With a speedy and dynamic offense putting the scoreboard to good use and a defense so intoxicating that someone is still trying to find the cure, special teams are where everything begins.

From the opening kickoff, a team’s fate could come down to those extra five yards from the return or a crucial blocked field goal to seal the game. For the Greenwave this season, special teams have developed into a strong and necessary pillar of the team’s state championship run.

“The thing that we took is it’s a unit,” said Fallon assistant coach Ryan McCormick, who played special teams at Carroll College. “I try and get that team excited. What we used to do up at Carroll is the kickoff team would go nuts. It’s just a crazy 60-yard blitz and coming to try to take their head off. You have to get them before they get you. I have a soft spot in my heart for the special teams because I did a lot of it.”

While Fallon didn’t record a touchdown from the return game last year, relocating the right people into the right position was all that it took to make 2013 a nightmare for the opposition.

Between Trent Tarner and Cameron Matzen returning kickoffs and punts, the Greenwave has put up solid numbers by helping the offense work off good field position.

But it starts with the blockers, who tend to get overlooked as well.

“We give them glory off the field. Without them, Matzen wouldn’t be anywhere; he needs them,” Fallon assistant coach Trevor de Braga said. “They open up the holes for him and he hits them hard. I couldn’t name one guy who hasn’t been great. Every week, everyone’s stepped up.”

Tarner didn’t have a kickoff returned for a touchdown until his 96-yarder on the opening kickoff against Moapa Valley on Saturday. The senior return specialist has been a catalyst, returning eight kickoffs for 286 yards, averaging almost 38 yards a return. His sophomore counterpart, Matzen, has returned six for 152 yards with his longest being 69 yards.

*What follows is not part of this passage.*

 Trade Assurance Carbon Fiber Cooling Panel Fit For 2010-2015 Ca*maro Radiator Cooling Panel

“It’s huge. A team’s nothing without their blockers,” Matzen said of his help.

Matzen has also been deadly on punt returns, begging the question of why teams still kick to him this late in the season. Matzen has returned seven punts for touchdowns and averages 27.68 yards per return with his longest being 77 yards.

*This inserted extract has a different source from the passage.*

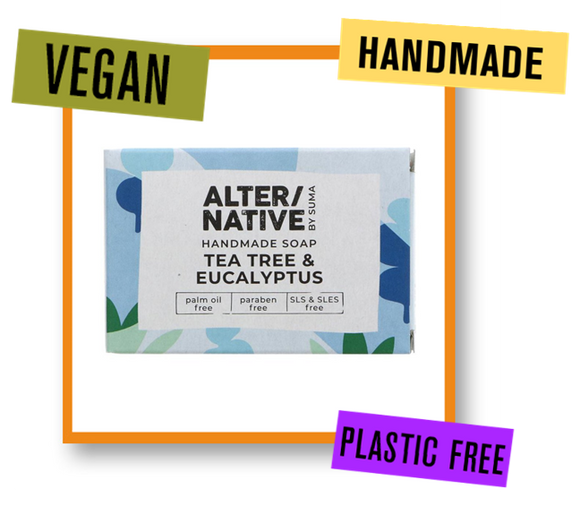 Alternative By Suma Tea Tree & Eucalyptus Soap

“We scored as many points on special teams as everything else. It’s not even that. We score just as much on special teams, defense and offense equally,” said Justin Hatfield, who’s been a key blocker on the unit. “Our special teams is what turns the game sometimes. Even if our blocking scheme gets broken apart and we have to kind of try something, it’s amazing how quickly our team can find out where our runner is and loop around and pick somebody up.”

But the return game is only half the battle.

The Greenwave have been dominant on kickoffs, punts and field goals and PATs this season.

Bradlee Stands, taking over for Beau Marshall, has recorded 26 kickoffs for 1,248 yards, including one touchback. Before his season ended due to illness, Marshall recorded eight touchbacks and cleared the 2,000-yard mark.

The punting scheme has been just as impressive with Justin Hatfield booming kicks deep behind enemy lines. Against Moapa Valley, Hatfield’s punt pinned the Pirates on their own 2-yard line. During the ensuing series, the defense returned an interception for a touchdown to seal the state semifinal win.

“That’s a huge punt. When they’re backed up like that on a great punt, that’s just huge,” Fallon coach Brooke Hill said. “The returns get a lot of it but that punt team’s been solid. We don’t get great kicks sometimes but when we needed it, we got it.”

The kickoff and punt coverage has been stellar this season in not allowing any scoring. It’s become a battle of getting to the opponents first before they find away to run into the end zone.

“Everything I learned from college, I pretty much brought it over here,” said Fallon assistant coach Trevor de Braga, who played for Colorado Mesa. “We didn’t know what our kickoff scheme was going to be this year. We brought mine from Mesa and we’ve been using that.

“We just used our whole scheme. It’s a pretty simple kickoff. You just do your job and execute it, and do what you’re supposed to do every time.”